2.   Pour toutes les questions qui n’entrent pas dans le champ d’application du présent règlement, le tribunal des marques communautaires applique son droit national, y compris son droit international privé.

[...] »

B.   Le droit italien

1. Le code de la propriété industrielle

12. L’article 6 (« Indivision ») du code de la propriété industrielle ( 5 ) prévoit :

« 1.   Lorsqu’un droit de propriété industrielle appartient à plusieurs personnes, les pouvoirs correspondants sont, sauf convention contraire, régis par les dispositions du code civil relatives à l’indivision dans la mesure où elles sont compatibles.

[...] »

13. L’article 20, paragraphe 1, du code de la propriété industrielle indique que l’enregistrement d’une marque confère à son titulaire un droit exclusif sur celle-ci, avec pour corollaire le droit du titulaire d’interdire à tout tiers, en l’absence de son consentement, de faire usage de ladite marque dans la vie des affaires.
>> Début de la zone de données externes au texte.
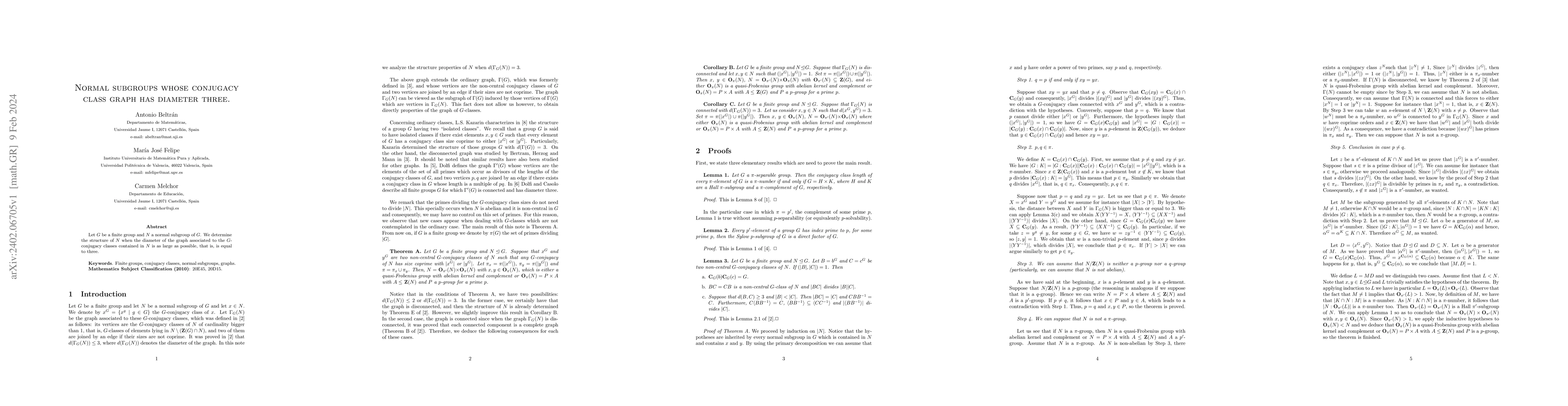 Thumbnail for Normal subgroups whose conjugacy class graph has diameter three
14. L’article 23 du code de la propriété industrielle autorise le titulaire à transmettre la marque pour tout ou partie des produits ou des services pour lesquels elle est enregistrée et permet que celle-ci puisse également faire l’objet d’une licence exclusive.

2. Le code civil

15. L’article 1108 (« Innovations et autres actes excédant l’administration ordinaire ») du code civil ( 6 ) énonce :

« Par décision de la majorité des indivisaires représentant au moins deux tiers de la valeur totale du bien indivis, toutes les innovations visant à améliorer le bien ou à en rendre la jouissance plus facile ou rentable peuvent être décidées, à condition qu’elles ne portent pas préjudice à la jouissance d’un des indivisaires et qu’elles n’entraînent pas de dépenses excessivement lourdes.

Les autres actes excédant l’administration ordinaire peuvent être décidés de la même manière, pour autant qu’ils ne portent préjudice à aucun des membres.

L’accord de tous les indivisaires est requis pour les actes d’aliénation ou de constitution de droits réels sur le bien indivis et pour les baux d’une durée supérieure à neuf ans.

[...] »

II. Les faits, le litige et les questions préjudicielles

16. En 1990, VW, SW, CQ et ET ont créé une société en nom collectif qui a déposé, le 29 juillet 1992, une demande d’enregistrement national de la marque « Legea » pour des articles de sport. L’enregistrement a été accordé le 11 mai 1995 sous le numéro 650850.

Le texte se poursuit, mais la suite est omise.